The data below is to be transcribed word for word; pictures are to be excluded.

__DATA PROVIDED__
++++++++++++++++++++

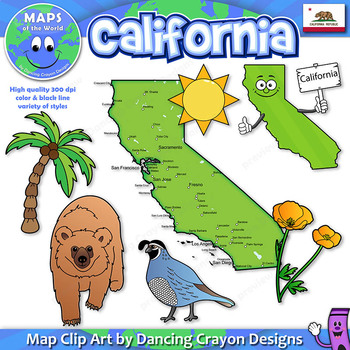 Preview of Clip Art of California State Symbols and Map Clipart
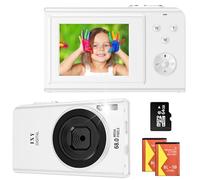 Appareil Photo Numérique 68MP 4K Compact Caméra Zoom Numérique 16X Digital Camera avec Carte de 64 Go pour Étudiant Adulte Débutant Cadeau (Blanc)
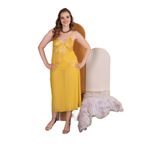 Cooqpoo Göz Alıcı 2x-3x-4xl Büyük Beden Battal Gecelik Sabahlık Sarı Transparan Ince Askılı Kadın Sarı 4XL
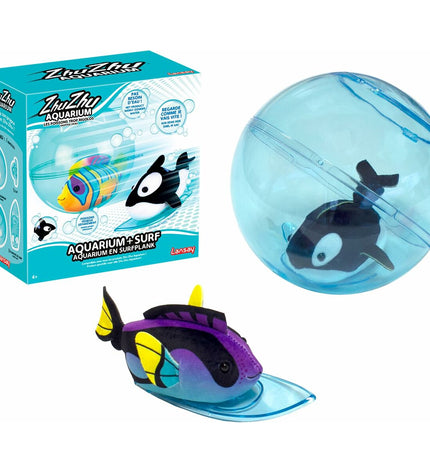 Lansay Zhu Zhu Aquarium Dieren Set for bath play, featuring small animal figures, in a 12x21x21 cm plastic container.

++++++++++++++++++++

__EXERCISE RESPONSE__
 Preview of Clip Art of California State Symbols and Map Clipart
 Appareil Photo Numérique 68MP 4K Compact Caméra Zoom Numérique 16X Digital Camera avec Carte de 64 Go pour Étudiant Adulte Débutant Cadeau (Blanc)
 Cooqpoo Göz Alıcı 2x-3x-4xl Büyük Beden Battal Gecelik Sabahlık Sarı Transparan Ince Askılı Kadın Sarı 4XL
 Lansay Zhu Zhu Aquarium Dieren Set for bath play, featuring small animal figures, in a 12x21x21 cm plastic container.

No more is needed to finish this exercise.